Hacking (hacking into) is a technique both good guys and bad guys share, often loosely used to imply reverse engineering, the dissecting of machine code to understand the process.
During this current Russia-Georgia conflict, Russian crackers hacked (and otherwise attacked) Georgian web sites, effectively shutting down government computers.
In the News
How often do you hear of criminals who’ve hacked into financial institutions and stolen identities?
How often do you not hear of criminals who’ve hacked into financial institutions and stolen their money?
For the institutions themselves, I have not one iota of sympathy. Am I compassionate towards the criminals?
Not in the least. In talks I’ve given, I posited the following questions:
- If your bank president went home each night and left the door unlocked…
- If your banker was too lazy to fix the broken alarm…
- If your banker left the key under the mat…
- If your banker left the window open a crack…
- If your banker installed a vault that was mere window dressing…
- … who’s the real criminal?
Because, if you’ve read about them in the news, that’s probably what happened in their computer center.
Brokerage houses, savings & loans, and other financial institutions depend upon secrecy. You may not realize that banks, stores, suppliers, and shippers no longer shuffle quotes, purchase orders, invoices, payments, and shipping documents on paper. It’s done electronically, computers talking to computers, a process called eCommerce. The prevailing belief is that secrecy guards against crime; the less you know the safer everyone will be.
I argue secrecy makes crime possible.
Boston T Party
Earlier this week, the Commonwealth of Massachusetts and Boston’s MBTA went to federal court and succeeded in getting a judge to set aside the First Amendment rights of three MIT students who were to speak at a computer conference.
Why? The nominal reason is that the MBTA potentially stood to lose, um, tens of dollars. Okay, maybe hundreds, maybe more. But in this era of the Orwellian US PATRIOT Acts I and II and the casual setting aside of constitutional liberties to "protect America", such strictures happen too easily. This hasn’t been the first time government or even companies have gone to court to seek gag orders against dangerous ideas.

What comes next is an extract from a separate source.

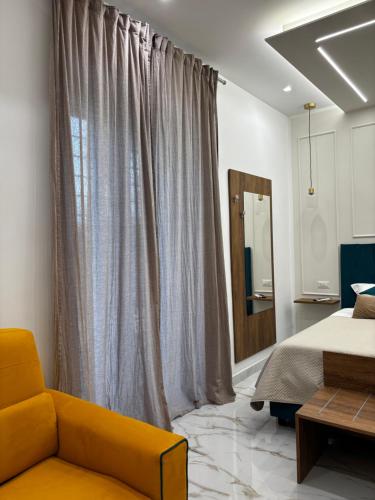 a bedroom with a bed and a yellow couch at A Casa di Nina Modern House in Pompei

The ‘danger’ is the exposure of what we call software vulnerabilities, meaning flaws that can be exploited by ‘black hats’– the crackers, the bad guys. In the case of the MBTA, management has known for at least two years that their system is flawed, badly flawed. They didn’t merely leave the key in the lock, they barely bothered to close their screen door to keep flies out.
The government and MBTA don’t worry a few people might ride the rail for free. The real reason is they don’t want public embarrassment: They don’t want you to know.
This cycle of bright geeky guys pointing out flaws in the system and corporate or government suits trying to silence them has been going on a long time, and I predict that it will continue long into the future.
The Glass House
James related to us last Monday Herodotus’ tale of Ramesses III (Rhampsinitus or Rhampsinitos), a perfect illustration of government secrecy to address a problem that simply failed.
Consider the opposite model. What if the Pharaoh’s wealth had been placed behind glass walls? Thick walls to be sure, preferably of Egyptian lexan or tempered lucite, but on public display? What if banks were glass houses that were transparent to the public? (‘Glass houses’ in this context is not to be confused with the term for computer rooms.)
Florida Voting Fiasco, Part 279.236(a)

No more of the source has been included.